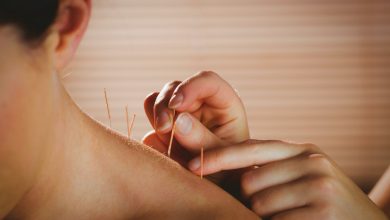 34 HMC physiotherapists receive dry needling certification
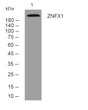 Western blot analysis of lysates from U2OS cells, primary antibody was diluted at 1:1000, 4°C over night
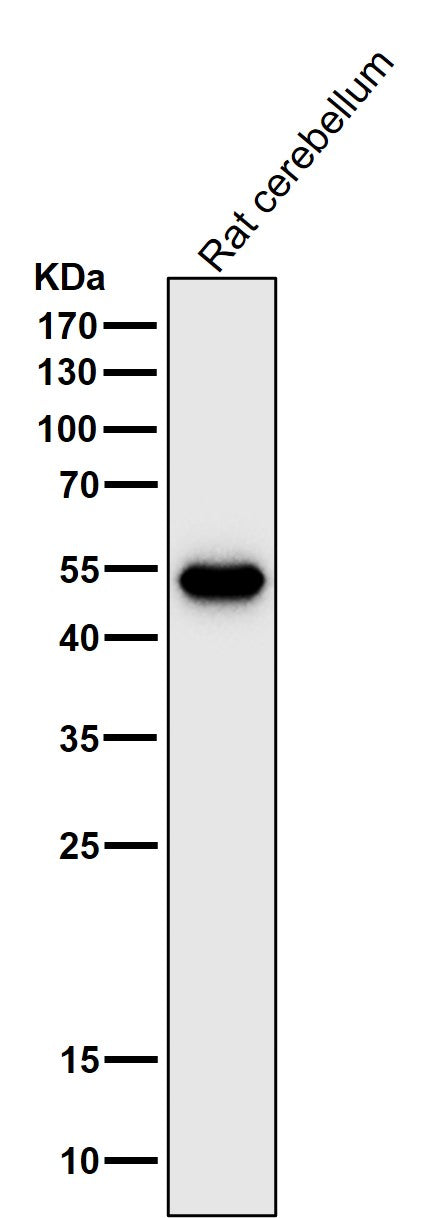 Anti-GFAP Rabbit Monoclonal Antibody Boster Bio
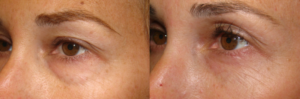 Customized cosmetic eyelid surgery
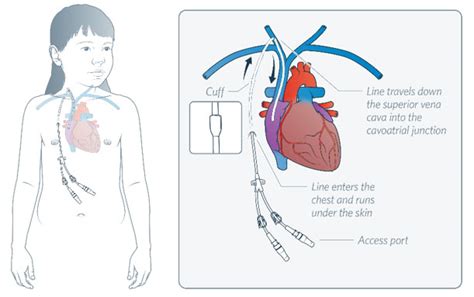 Central Venous Catheter Purpose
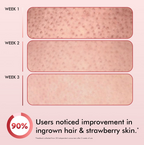 mCaffeine 11% AHA-BHA Skin Smoothening Strawberry Body Lotion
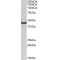 Potassium Inwardly Rectifying Channel Subfamily J, Member 1 (KCNJ1) Antibody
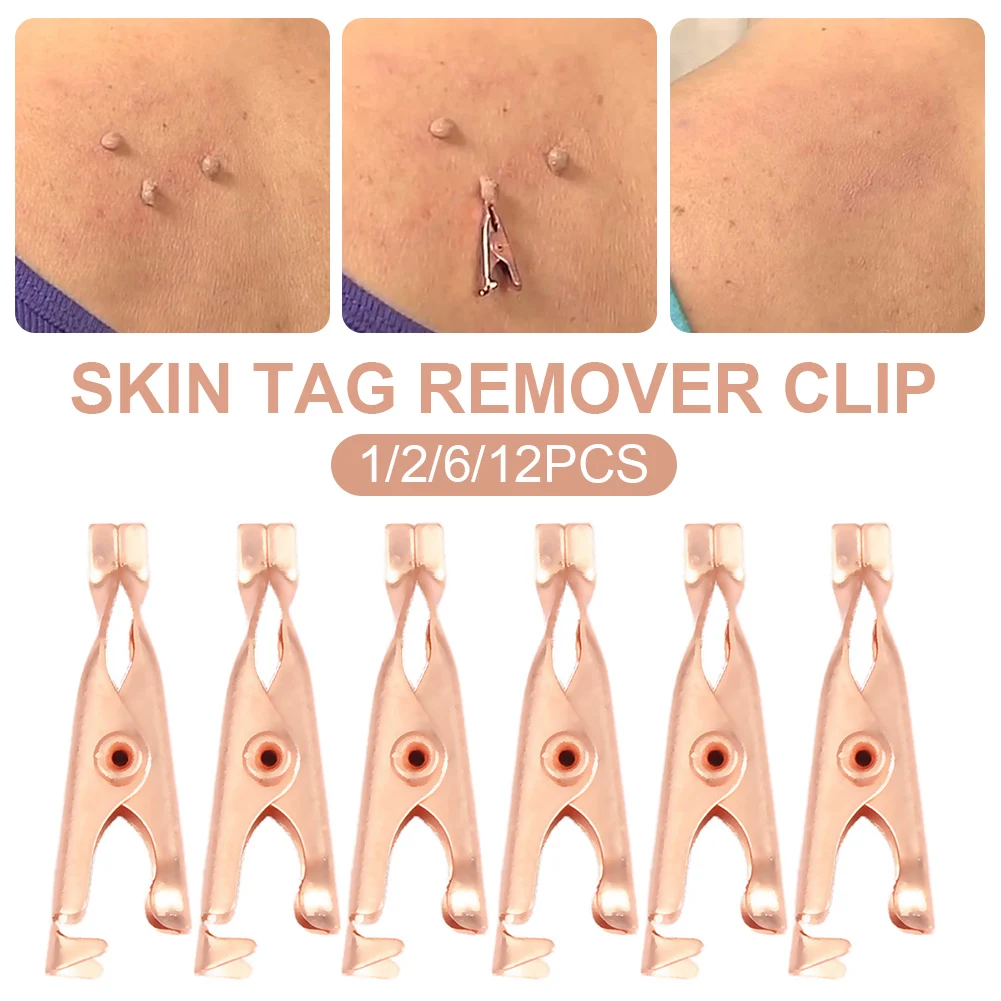 

1/2/6/12Pcs Skin Tag Remover Clip Painless Mole Wart Skin Tags Removal Clips Body Warts Treatment Beauty Tools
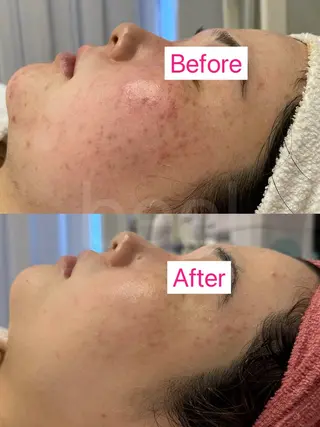 べアール所属・小顔/毛穴/白玉肌 salon bealのその他イメージ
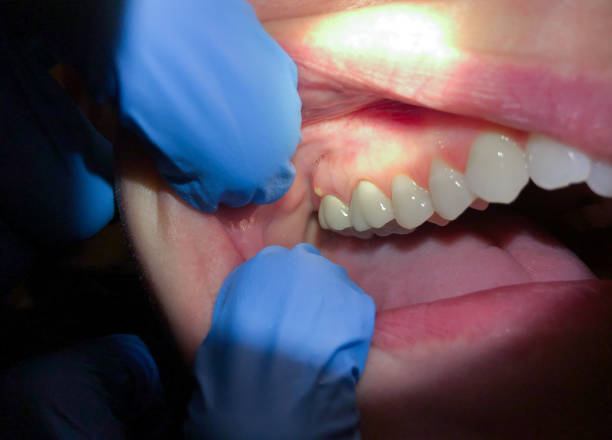 Best Emergency Dental Care for Abscessed Tooth in Fairview, OK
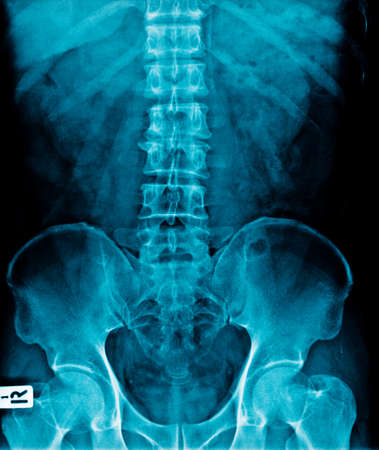 good quality x-ray image lumbar spineの写真素材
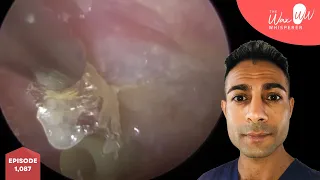 1,087 - Ear Tube Grommet Infected Dead Skin Peel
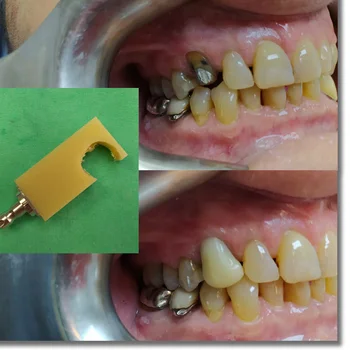 PMMA 15 vnt. Sirona19 dantų CAD CAM blokuoti 20 spalvų stomatologas karūna laikinas vainikėlis, tiltas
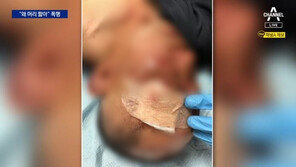 “딸 같아서 나섰다”…폭행당하는 편의점 알바생 돕다 물어뜯긴 50대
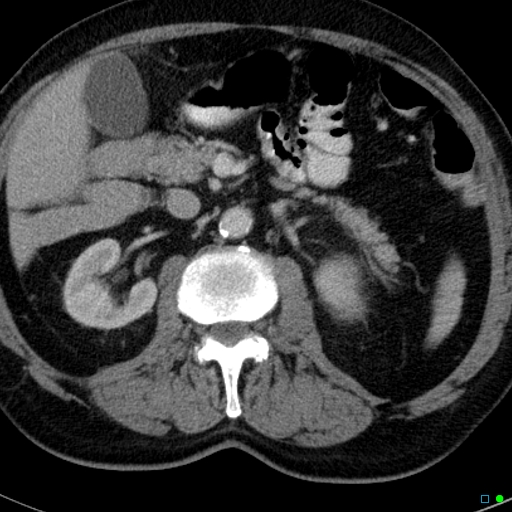 File:Acute appendicitis arising from a malrotated cecum (Radiopaedia 19970-19997 Axial C+ portal venous phase 8).jpg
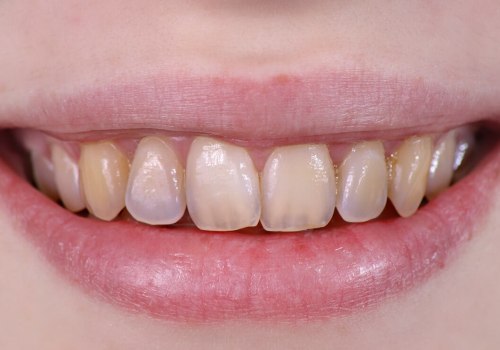 Tooth Enamel Erosion: Causes, Symptoms, and Treatment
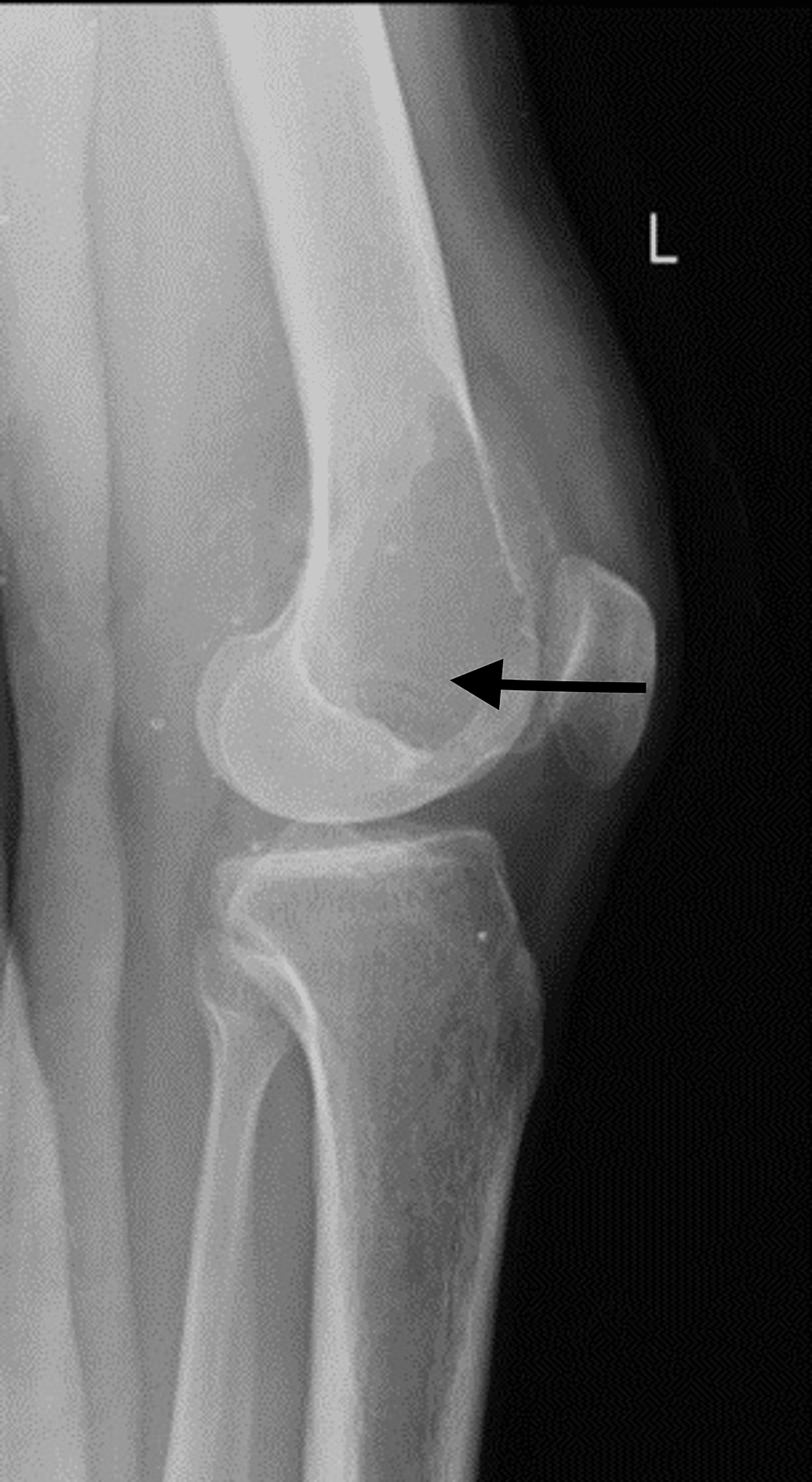 :-Plain-radiograph-of-knee,-lateral-view-shows-lytic-lesion-over-lateral-femoral-condyle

━━━

**TASK PROMPT:**
What is needed is an exact copy of the lines above from the one with "mCaffeine 11% AHA-BHA" to the one with "File:Acute appendicitis arising", both ends kept, and nothing more; please leave the pictures out.

**SOLUTION TO THE PROBLEM:**
 mCaffeine 11% AHA-BHA Skin Smoothening Strawberry Body Lotion
 Potassium Inwardly Rectifying Channel Subfamily J, Member 1 (KCNJ1) Antibody

1/2/6/12Pcs Skin Tag Remover Clip Painless Mole Wart Skin Tags Removal Clips Body Warts Treatment Beauty Tools
 べアール所属・小顔/毛穴/白玉肌 salon bealのその他イメージ
 Best Emergency Dental Care for Abscessed Tooth in Fairview, OK
 good quality x-ray image lumbar spineの写真素材
 1,087 - Ear Tube Grommet Infected Dead Skin Peel
 PMMA 15 vnt. Sirona19 dantų CAD CAM blokuoti 20 spalvų stomatologas karūna laikinas vainikėlis, tiltas
 “딸 같아서 나섰다”…폭행당하는 편의점 알바생 돕다 물어뜯긴 50대
 File:Acute appendicitis arising from a malrotated cecum (Radiopaedia 19970-19997 Axial C+ portal venous phase 8).jpg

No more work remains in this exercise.